REPUBLIKA.CO.ID, JAKARTA -- Warga di tiga Rukun Warga (RW) di Bukit Duri akan mengajukan gugatan terhadap rencana pembangunan Trase Kali Ciliwung dari pintu air Manggarai sampai dengan Kampung Melayu, Kecamatan Tebet, Jakarta Timur.
"Jadi warga meminta agar program ini harus dihentikan karena beberapa tindakan ditengarai telah melawan hukum dan kami telah mengajukan gugatan ke pengadilan terhadap Pemprov DKI karenanya," kata Kuasa Hukum Warga Bukit Duri Vera W.S. Soemarwi di Jakarta, Kamis (12/5).
Namun, Vera tidak merinci di mana gugatan itu disampaikan. Ia hanya menjelaskan sejak 16 Oktober 2012 saat Presiden Joko Widodo masih menjabat sebagai Gubernur DKI Jakarta, sudah ada konsultasi publik dengan warga, bahwa tidak akan ada penggusuran.
"Waktu itu kita ada kesepakatan bersama dengan beliau bahwa tidak ada penggusuran tapi revitalisasi untuk kampung di Bukit Duri dibangun kampung susun berbasis manusiawi yang jaraknya lima meter dari sungai dan akan dilakukan pelebaran 20-25 meter persegi," jelasnya.
Selain itu, tambah dia, menurut pengakuan Pemprov DKI, ada anggaran untuk membeli tanah dan bangunan warga yang sudah dibayarkan untuk tahun 2016, namun uang itu tidak pernah sampai pada warga.
"Kemana uang itu pergi, yang pasti penguasa anggaran sudah mengantonginya, inikah yang dinamakan terimakasih dan realisasi janji pemimpin itu," ucapnya.

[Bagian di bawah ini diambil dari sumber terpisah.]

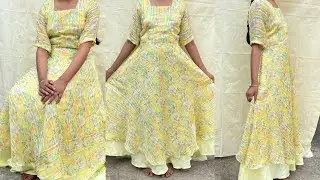 Gown Cutting & Stitching from Old Dupatta || Convert Dupatta into Gown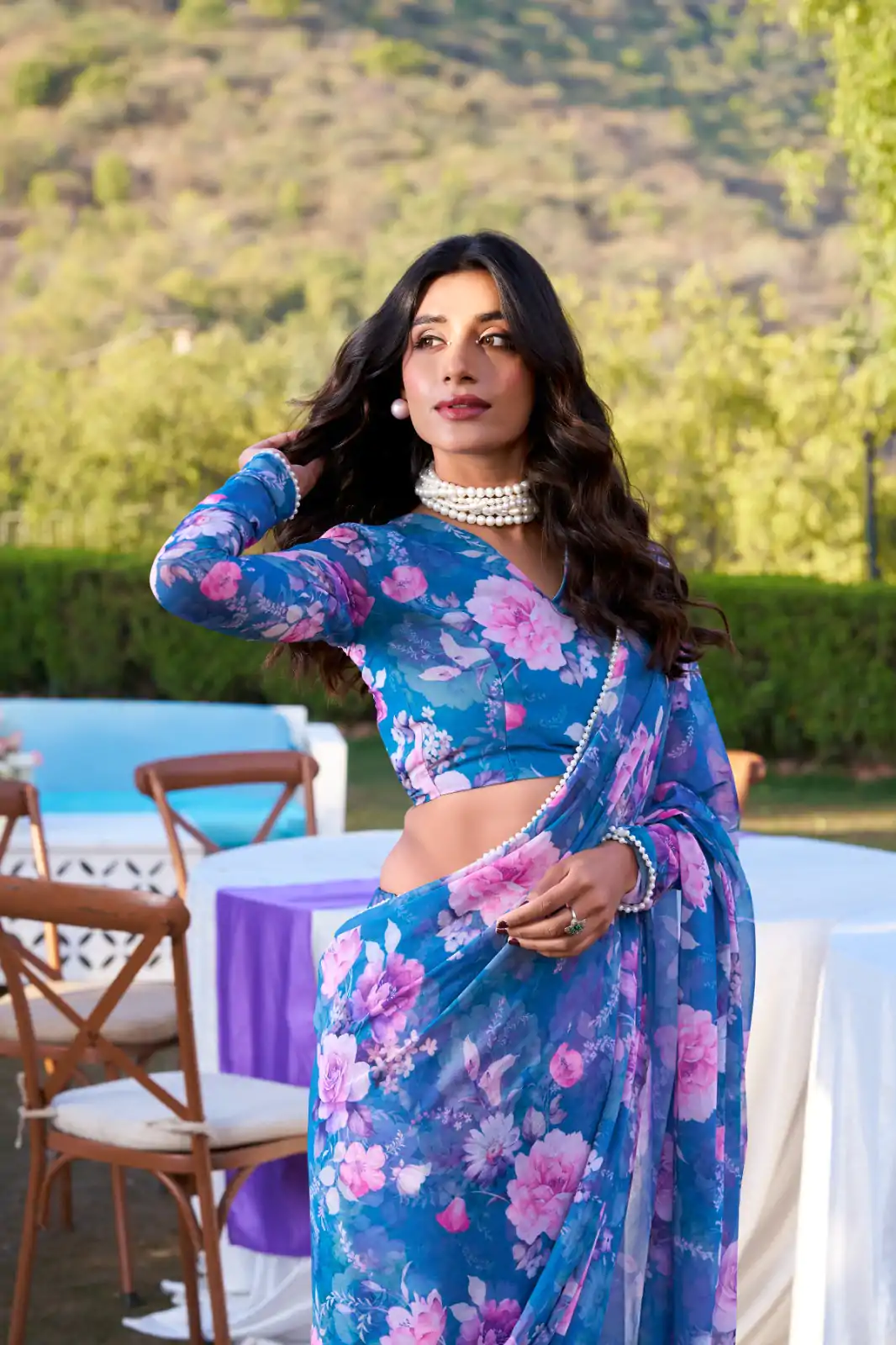 YNF 7010 Blue Color Weightless Marbal Floral Printed Pearl Lace Saree Casual, Wedding, Festive, Events . Expected Delivery  4-6 Working Days @1599/- only                                                                                | Sarees, Bollywood Sarees, Creative Sarees, Designer Sarees, Embroidered Sarees, Ethnic Saree, Modern Digital sarees, Party Wear Sarees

Lebih lanjut dia menilai, pembangunan infrastruktur kota tanpa mempertimbangkan aspek sosial, ekonomi dan kemanusiaan, hanya akan membentuk kota beton tanpa peradaban.
"Dan demi betonisasi, semakin banyak warga kampung kota digusur serta demi pembangunan kota yang berat sebelah, tingkah dan kebijakan penguasa seringkali menghilangkan jasa pelaku sejarah pembangunan kota," ucap dia menambahkan.
Berdasarkan informasi yang dihimpun, saat ini total warga dari RT 10, 11 dan 12 ada 384 kepala keluarga dengan 1.275 jiwa serta luas tanah kurang lebih 17.000 meter persegi.